# Information:
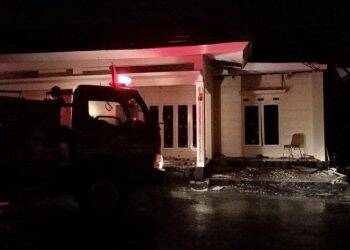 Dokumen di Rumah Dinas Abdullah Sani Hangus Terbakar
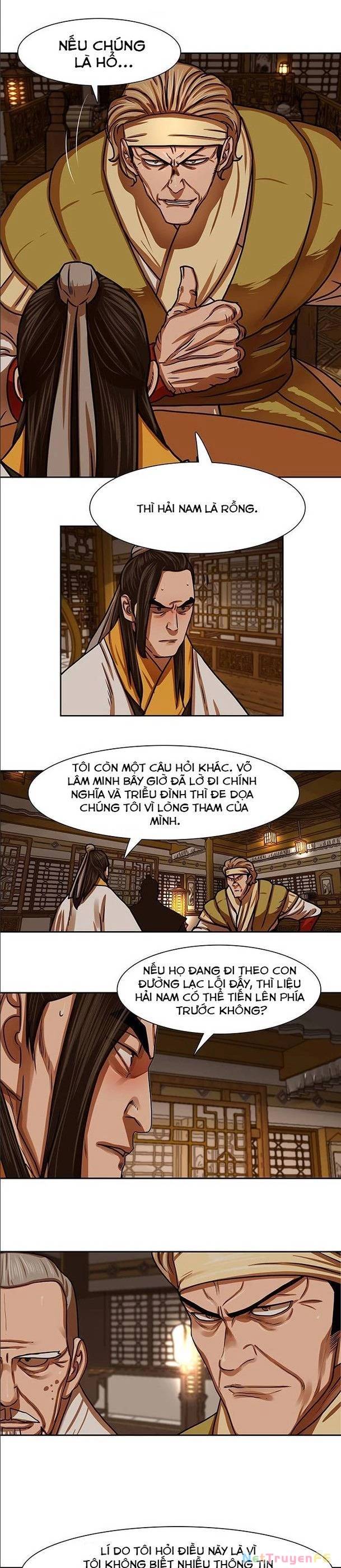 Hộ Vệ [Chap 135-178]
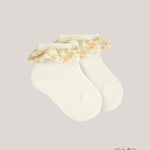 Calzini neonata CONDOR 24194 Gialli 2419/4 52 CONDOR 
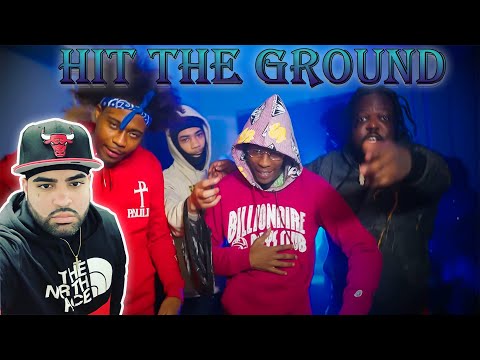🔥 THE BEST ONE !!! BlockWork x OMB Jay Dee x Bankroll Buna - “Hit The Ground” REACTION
==
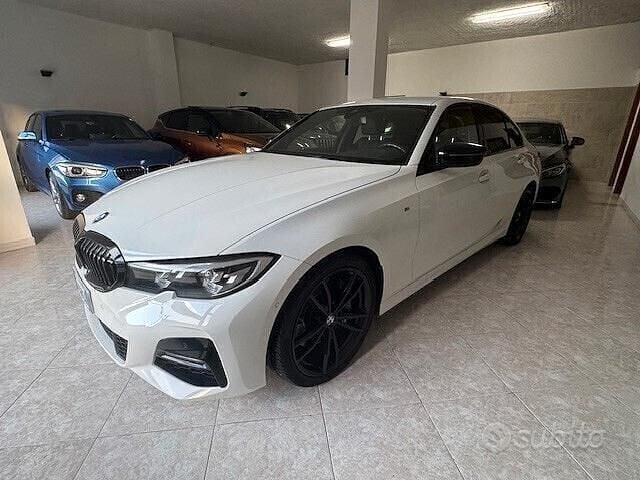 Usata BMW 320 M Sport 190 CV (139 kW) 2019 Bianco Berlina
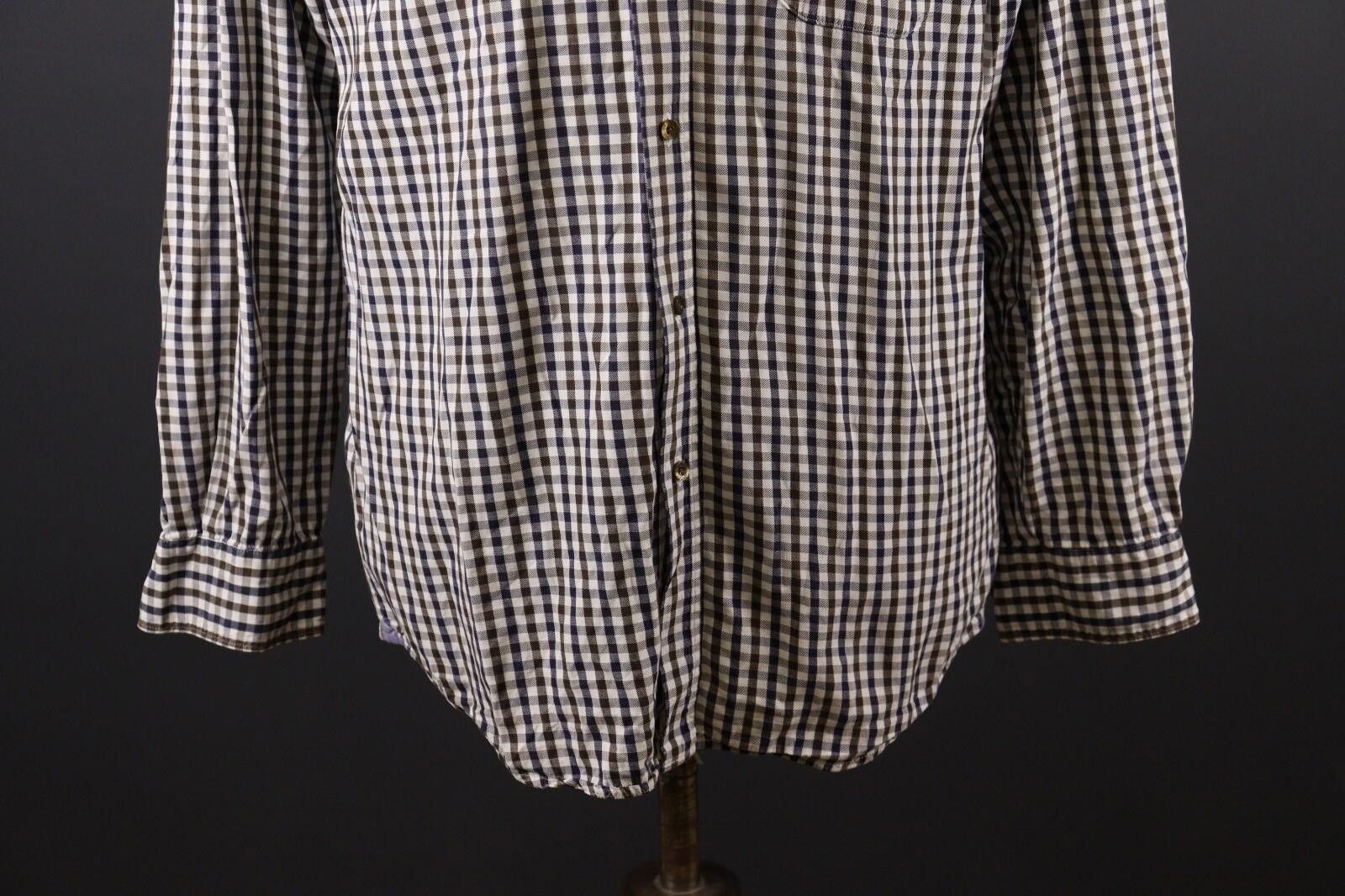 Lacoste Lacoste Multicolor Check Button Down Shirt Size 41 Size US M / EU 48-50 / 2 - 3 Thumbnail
...
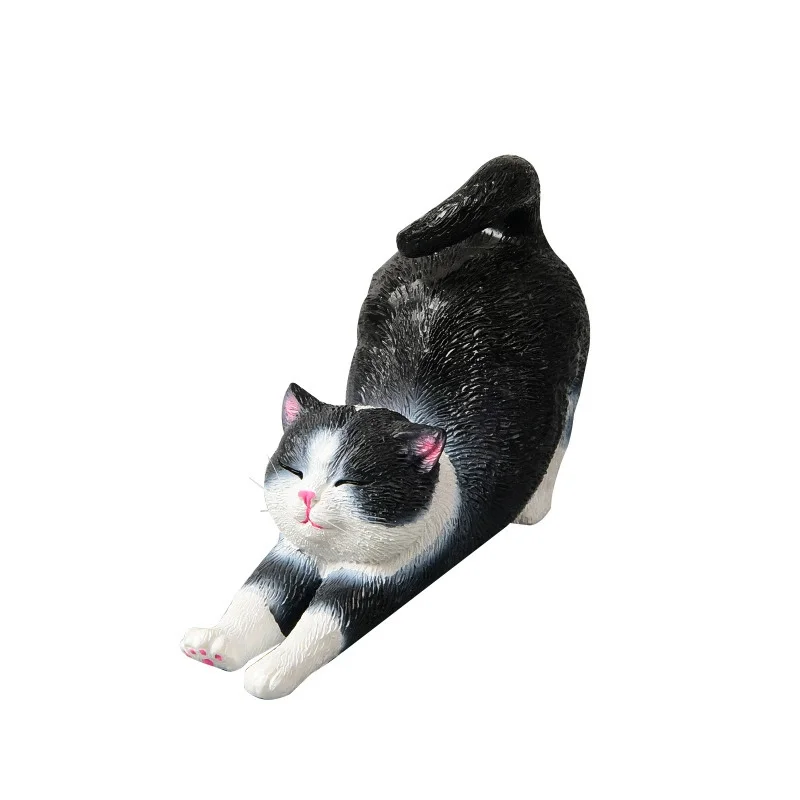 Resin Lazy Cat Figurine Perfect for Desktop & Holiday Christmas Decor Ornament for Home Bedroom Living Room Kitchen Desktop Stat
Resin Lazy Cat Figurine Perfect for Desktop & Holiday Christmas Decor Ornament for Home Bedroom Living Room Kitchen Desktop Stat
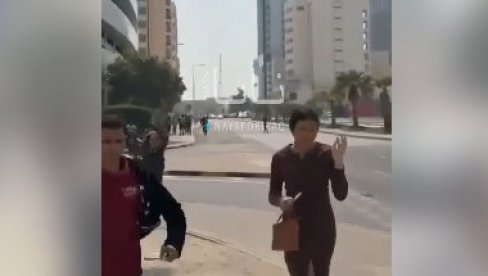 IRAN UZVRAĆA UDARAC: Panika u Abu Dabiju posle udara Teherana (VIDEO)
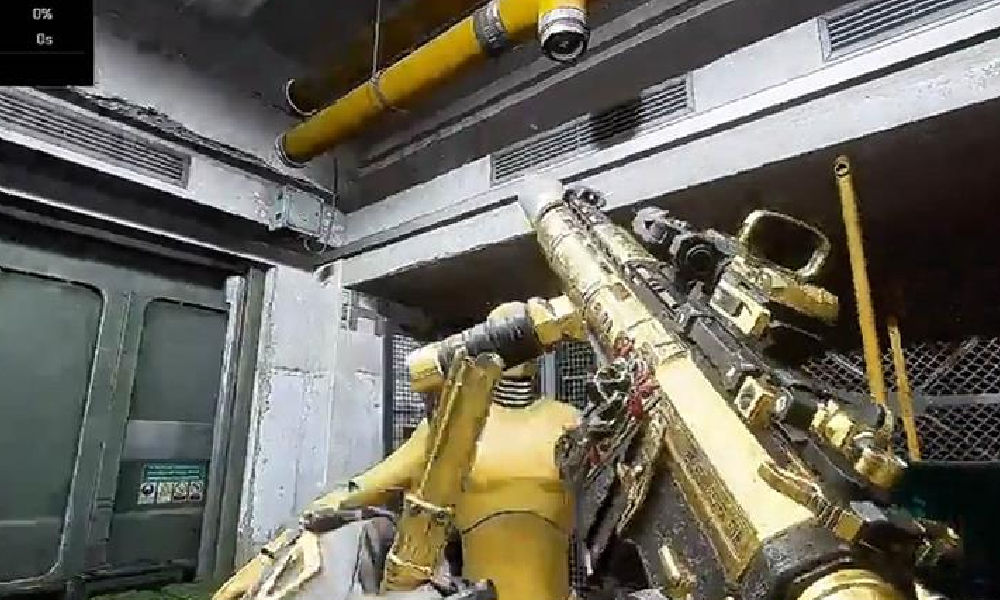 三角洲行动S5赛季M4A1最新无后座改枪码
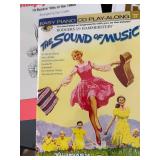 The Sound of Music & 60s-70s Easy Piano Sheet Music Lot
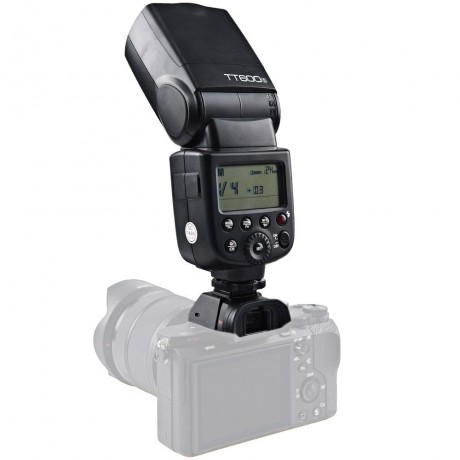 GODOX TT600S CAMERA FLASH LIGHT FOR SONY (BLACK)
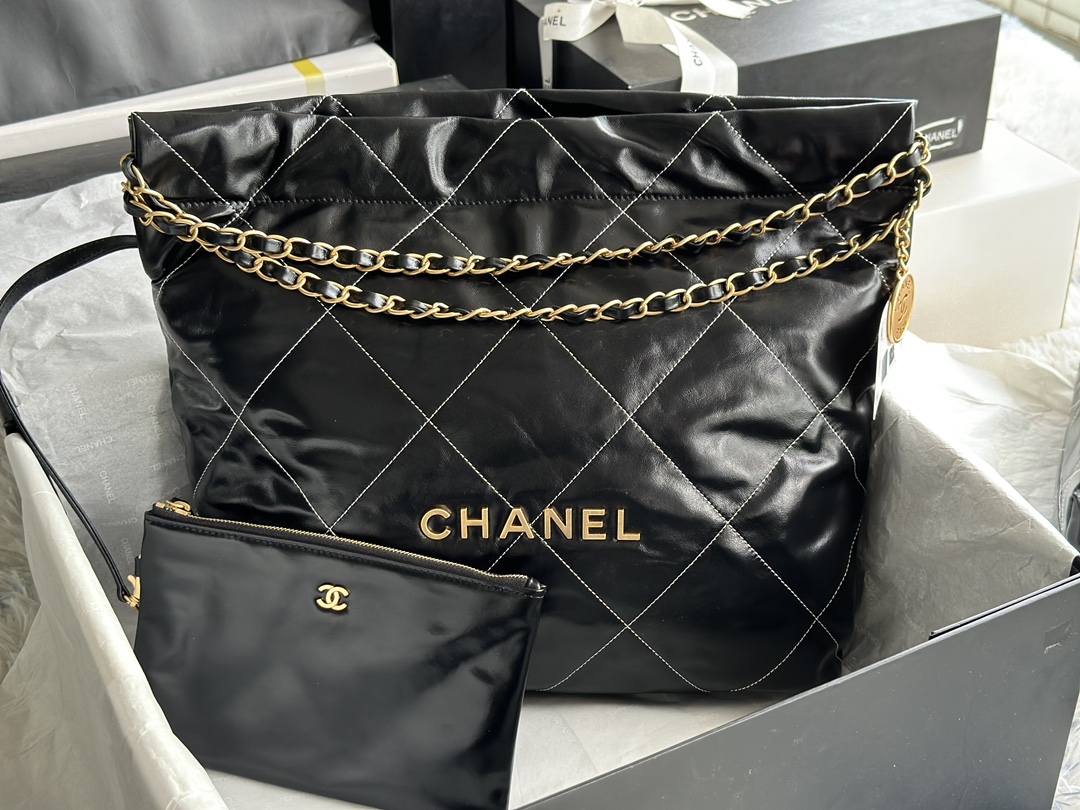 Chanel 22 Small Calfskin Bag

# Problem details:
The lines to copy exactly start with the line above that has "Dokumen di Rumah" and go on through the line that has "THE BEST ONE"; please include both, add nothing else, and omit the pictures.

# Result of the task:
 Dokumen di Rumah Dinas Abdullah Sani Hangus Terbakar
 Hộ Vệ [Chap 135-178]
 Calzini neonata CONDOR 24194 Gialli 2419/4 52 CONDOR 
🔥 THE BEST ONE !!! BlockWork x OMB Jay Dee x Bankroll Buna - “Hit The Ground” REACTION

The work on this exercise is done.